Warning Signs After Ingestion
For children especially, watch for vomiting, excessive drooling, coughing, or refusal to eat after putting paper in their mouth. In older children and adults, the concerning symptoms are persistent abdominal pain, fever, vomiting, or any sign of blood in the stool. These suggest either obstruction or irritation of the digestive lining. A single episode of eating a small piece of paper doesn’t warrant any of this worry, but repeated ingestion or large volumes do.
When Paper Eating Becomes a Pattern
If you or someone you know regularly craves and eats paper, there’s a specific name for it: xylophagia, a subtype of pica. Pica is a condition involving persistent cravings for non-food substances, and xylophagia specifically refers to paper. One documented case involved a patient eating up to two rolls of toilet paper daily.
Xylophagia is strongly associated with iron deficiency anemia. The craving often resolves once iron levels are corrected, suggesting the behavior has a physiological trigger rather than being purely psychological. It can also appear alongside pregnancy, developmental disorders, or obsessive-compulsive spectrum conditions. If paper eating feels compulsive or has become a regular habit, getting bloodwork done to check iron levels is a practical first step.
Which Types of Paper Are Riskier
- Plain white paper or tissue paper: Lowest risk. Minimal ink, simple chemical profile. Still not food, but unlikely to cause harm in small amounts.

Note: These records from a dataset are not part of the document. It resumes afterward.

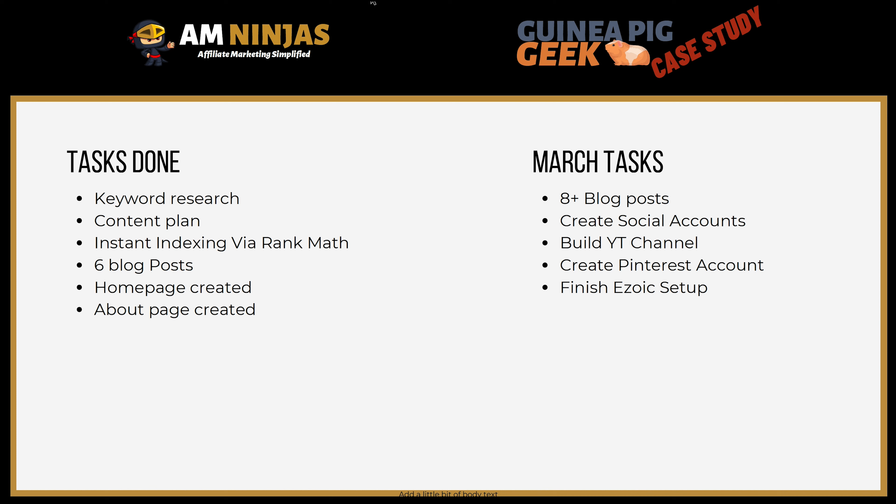In March I'm planning on doing at least eight blog posts, ideally around 10 — if I can get two done a week I'd be really happy with that. We're also going to create social accounts. I'm not going to be actively working on them, just get them created to help build authority within the industry. I'm also going to build a YouTube channel — YouTube can work really well for building up a brand. And because I'm going to get a couple of guinea pigs myself maybe this month or next, it'll be great to create some video content.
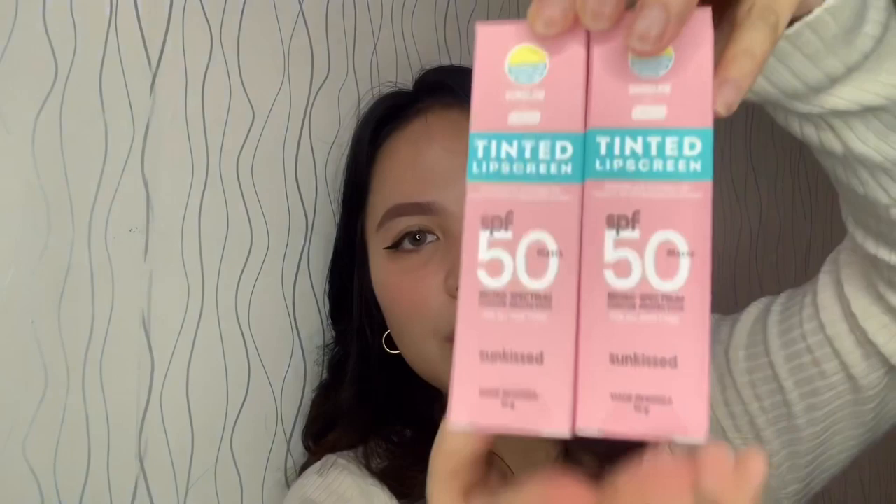This one is the Tinted Lip Screen from the Sun Glow line. Those are the three Sun Glow products I bought. I didn't get the mattifying powder because I wasn't aware there was one — I only ever saw these three. When I was watching reviews, I found out there's a mattifying powder too. But at least I can finally use these since they arrived.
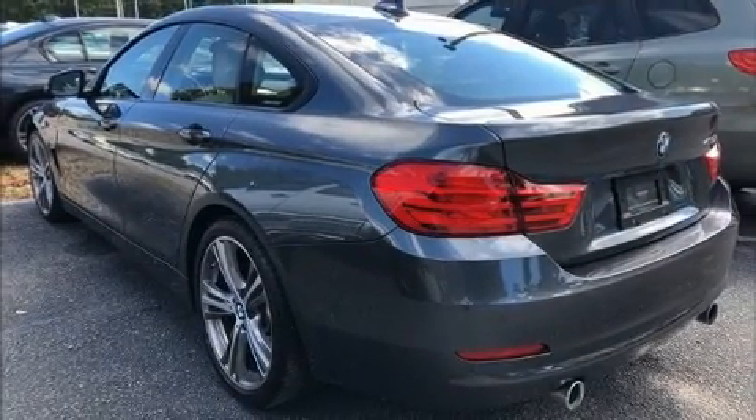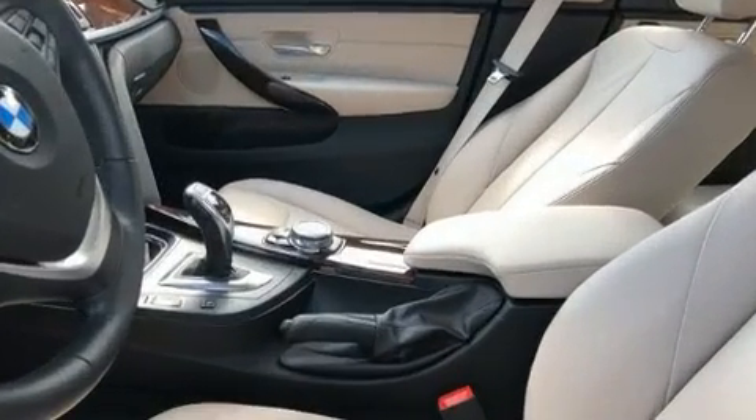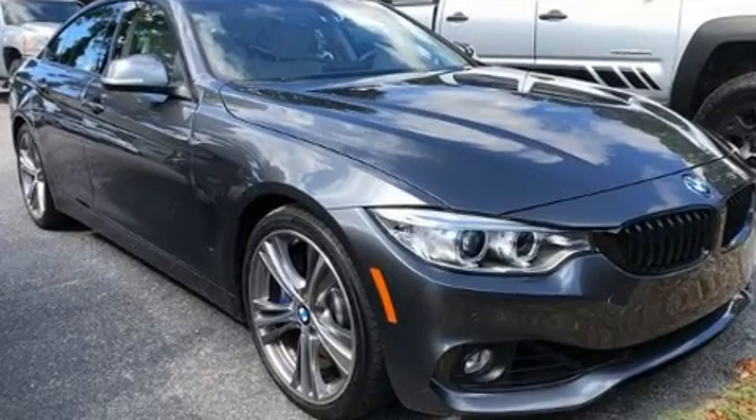It includes heated seats, adjustable headrests in all seating positions, a power seat, front dual-zone air conditioning, a power rear cargo door, and a split-folding rear seat.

- Newspaper: Moderate risk. Contains more ink and often uses recycled fibers that may carry residual contaminants from previous uses.
- Glossy or coated magazine paper: Higher risk. The coatings that create a shiny finish involve additional chemicals, and the vivid inks contain more pigments and solvents.
- Cardboard and colored construction paper: Variable risk. Dyes in colored paper and adhesives in cardboard add compounds not present in plain white paper.
Food-grade paper products like parchment paper, coffee filters, and cupcake liners are the safest category, since they’ve been evaluated for chemical migration into food. That still doesn’t make them a snack, but accidental ingestion of these materials is the least concerning scenario.